A adaptação para o cinema do musical de Stephen Sondheim, que por sua vez reescreve livremente a lenda vitoriana do barbeiro assassino, coloca Johnny Depp para interpretar Benjamin Barker, barbeiro que, depois de ser injustamente expulso de Londres e ver esposa e filha caírem em desgraça, retorna adotando o pseudônimo de Sweeney Todd para consumar sua vingança. Ao lado da quituteira Mrs. Lovett (Helena Bonham Carter), o vingador usa a cadeira do barbeiro para assassinar seus clientes, enquanto ela pega os restos mortais para assar tortas que viram a sensação de Londres.

Antes de mais nada, a sombria Inglaterra vitoriana, segunda metade do séxulo XIX, auge da Revolução Industrial, era de ouro dos vampiros e dos assassinos em série, é cenário ideal para o imaginário dândi-soturno de Burton. Fãs do cineasta devem reconhecer imediatamente o visual à Bento Carneiro de Depp, o ator-emblema do cineasta, com suas madeixas grisalhas e olheiras melancólicas. O que a dupla faz a partir desses dados – e que talvez desagrade parte do público, até mesmo o mais fiel – é seguir à risca as regras do gênero musical (e adicionar-lhe alguns galões de sangue).

E aí vai muito do gosto e da tolerância do público. Um filme limitado e de trama funcional como Across the Universe faz sucesso porque todo mundo já conhece de cor as músicas dos Beatles, mas ouvir o jovem ator Jamie Campbell Bower cantar “I seeeee you, Johaaaaaanna” pela quinta vez pode fazer de Sweeney Todd uma experiência enfadonha para quem já se indispõe de antemão com o cancioneiro. Não entram numa crítica esses tipos de gostos e julgamentos. O que a crítica pesa é se o filme cumpriu ou não aquilo que propunha, e Burton executou o plano notavelmente.

Primeiro, porque o roteiro adaptado por John Logan cria um zigue-zague entre os dois núcleos dramáticos (barbeiro/quituteira, marinheiro/donzela) que não dá muito espaço para tempos mortos. Quando Todd e Mrs. Lovett terminam de cantar uma passagem importante de sua cumplicidade, a trama corta para uma música dos dois jovens enamorados, e assim por diante. Não há canções “sobrando”, uma vez que quase todas impulsionam a trama adiante. Com isso, o filme ganha agilidade e, em certa medida, os números musicais de cada núcleo cansam menos (porque vêm intercalados).

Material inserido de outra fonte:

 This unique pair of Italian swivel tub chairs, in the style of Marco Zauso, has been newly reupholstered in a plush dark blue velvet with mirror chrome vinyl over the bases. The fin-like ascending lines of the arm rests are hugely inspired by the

Além da artimanha de roteiro, há de se louvar a excelência técnica. Algumas cenas – ou, já que estamos falando de musical, alguns números – servem de modelo. A montagem e a edição de som no primeiro encontro de Todd com o juiz na barbearia e na sequência da primeira fornada de tortas humanas são impecáveis. As vozes de Depp e Alan Rickman fundindo-se e intercalando-se com os sons dos panos, da navalha e da cadeira do barbeiro aumentam um suspense que, naquele momento, já era enorme. Já o barulho do alçapão em cortes rápidos, entre uma batida e outra da faca de Mrs. Lovett, dá um ritmo quase dançante à hora da matança.

Em sua cadência perfeita, Sweeney Todd se revela um dos melhores musicais produzidos em Hollywood nos últimos anos. Mas dentro de um universo burtiano povoado de seres à margem da beleza, de ícones imperfeitos como Beetlejuice, Edward Mãos-de-Tesoura e Ed Wood, talvez não exista lugar para esse tipo de perfeição.